Le premier des enjeux reste celui du prix, sans quoi rien n’est possible pour l’agriculture, ni pour les générations en place, ni pour celles qui prendront le relai. Un message largement appuyé par le syndicat JA, puisque 46 % des agriculteurs s’apprêtent à partir à la retraite dans les années proches. « Sans visibilité sur le prix, ça va être compliqué », s’est interrogé, Jordan Magnet. « Si les règles issues de la loi Egalim étaient appliquées, on pourrait se rendre compte que le manque à gagner atteint aujourd’hui 27 000 euros en filière viande, 30 000 euros en production de lait de plaine et près de 70 000 euros en lait de montagne », ont même avancé les syndicalistes jeunes. Les agriculteurs ont besoin de transparence sur les prix et de visibilité pour l’avenir, ont-ils tous répété lors de la conférence de presse.

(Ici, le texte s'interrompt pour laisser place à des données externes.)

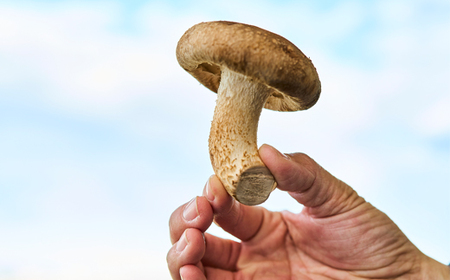 茨城県城里町産 きのこの詰め合わせ Sサイズ 約1kg_野菜  きのこ _【配送不可地域：離島・沖縄県】【1593968】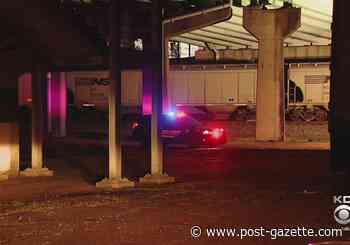 Woman killed in Tarentum by train identified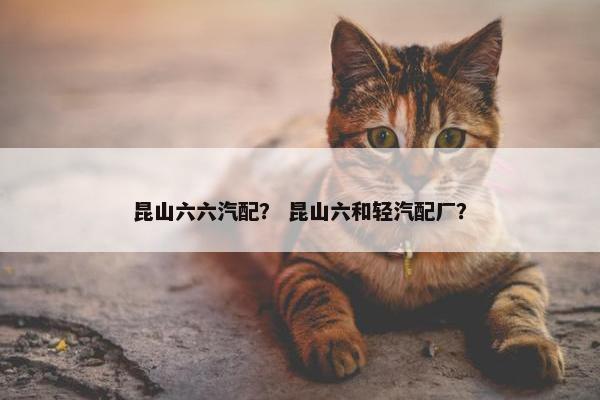 昆山六六汽配？ 昆山六和轻汽配厂？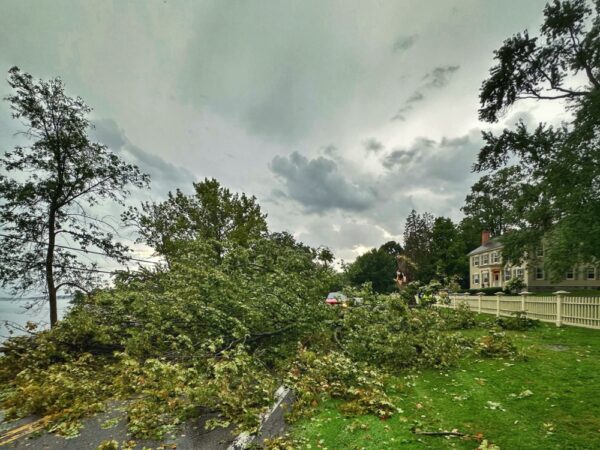 Storm Toppled Ancient Maple (Photo: Geo Davis)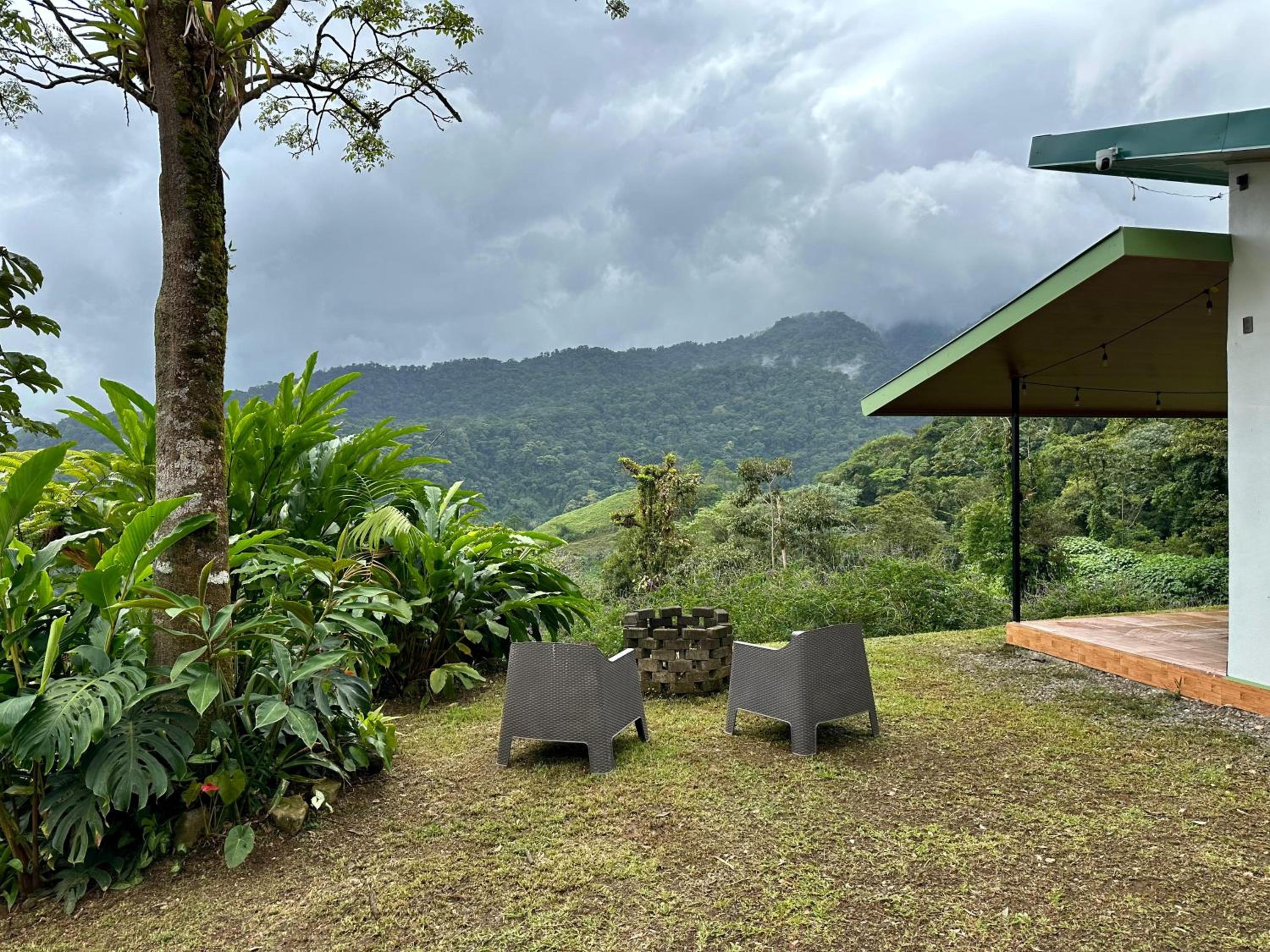 Eternal Rain Forest House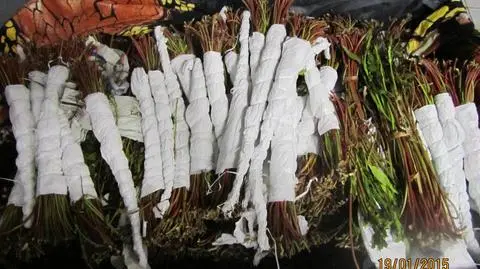 Khat w walizkach. Próbował przemycić 33 kg narkotyku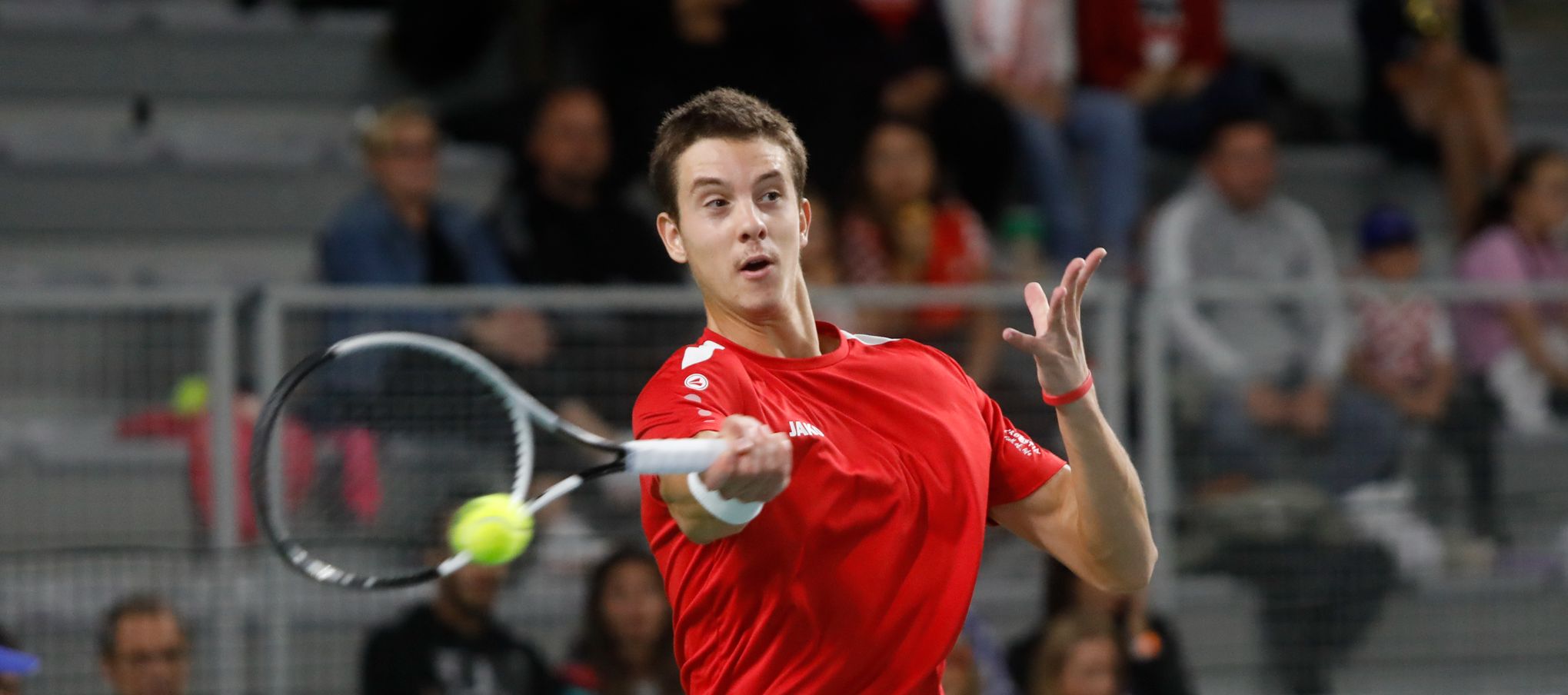 matej dodig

Une proposition de loi à venir
Après l’action syndicale massive à Lyon et Clermont-Ferrand le 25 mars, des représentants FRSEA et JA Aura ont été reçus par le ministre de l’Agriculture le 31 mars. Une proposition de loi modifiant et renforçant la loi Egalim devrait être présentée autour du 15 avril, a rapporté Michel Joux, qui attend beaucoup de l’autorité de l’État pour la faire appliquer. Quant à la future Pac, les orientations du plan stratégique national sont annoncées à partir de la mi-avril. Cependant, tant FRSEA que JA Aura ont confirmé le 12 avril « rester sur le pied de guerre » et être prêts à agir de nouveau si jamais les réponses apportées par le gouvernement devaient ne pas donner satisfaction. Car derrière les attentes immédiates et le besoin de retrouver de la rentabilité, les syndicalistes se sont également montrés très inquiets quant à l’avenir du modèle agricole familial porté par la profession, qui pourrait être remis en cause par une Pac qui favorise les hectares au détriment des femmes et des hommes. « L’enjeu est bien celui de la souveraineté alimentaire. Pourtant on est en train de fragiliser les moyens de production », a alerté David Chauve. « Pour avoir une souveraineté alimentaire, il nous faut des agriculteurs, jeunes et anciens, une visibilité et des revenus », a conclu Pierre Picard.
Sébastien Duperay
BRAV : Une tribune sur l’avenir de l’élevage bovin viande
Le Berceau des races à viande du Massif central (Brav) faisait partie des organisations syndicales à appeler à manifester le 25 mars dernier à Clermont-Ferrand et Lyon. Inquiet pour la production allaitante, le Brav a publié une tribune le 9 avril « Quel est le projet de la France pour son élevage bovin viande ? » L'aide couplée animale distribuée à l'UGB, envisagée par le ministère de l'Agriculture pour la prochaine Pac, « ne peut pas être, comme l’affirment plusieurs élus de la majorité, une manière d’encourager l’engraissement », affirme le Brav dans cette tribune. Dans le cadre du PSN (déclinaison française de la future Pac), le ministère étudie parmi d'autres scénarios une fusion des enveloppes des aides couplées allaitantes et laitières, ainsi qu'une transformation de ces aides versées à la vache en une aide versée à l'UGB. « Ce sont les élevages dits naisseurs-engraisseurs qui seront les plus pénalisés, avec des baisses d’environ 40 % de leurs aides couplées », a calculé le Brav, se basant sur les données du ministère. « Certains annoncent vouloir faire de cette nouvelle "aide à l’UGB bovine" un levier pour réduire nos exportations de broutards vers l’Italie », poursuit le Berceau. Or, rétorquent les éleveurs, « nous engraissons déjà 600 000 jeunes bovins en France, dont la moitié part à l’export, faute de débouchés ». Les consommateurs français privilégient, en effet, les « viandes issues de la voie femelle ». Bref, selon le Brav, « derrière cette nouvelle "aide couplée à l’UGB", il n’y a pas de cohérence, pas de projet ».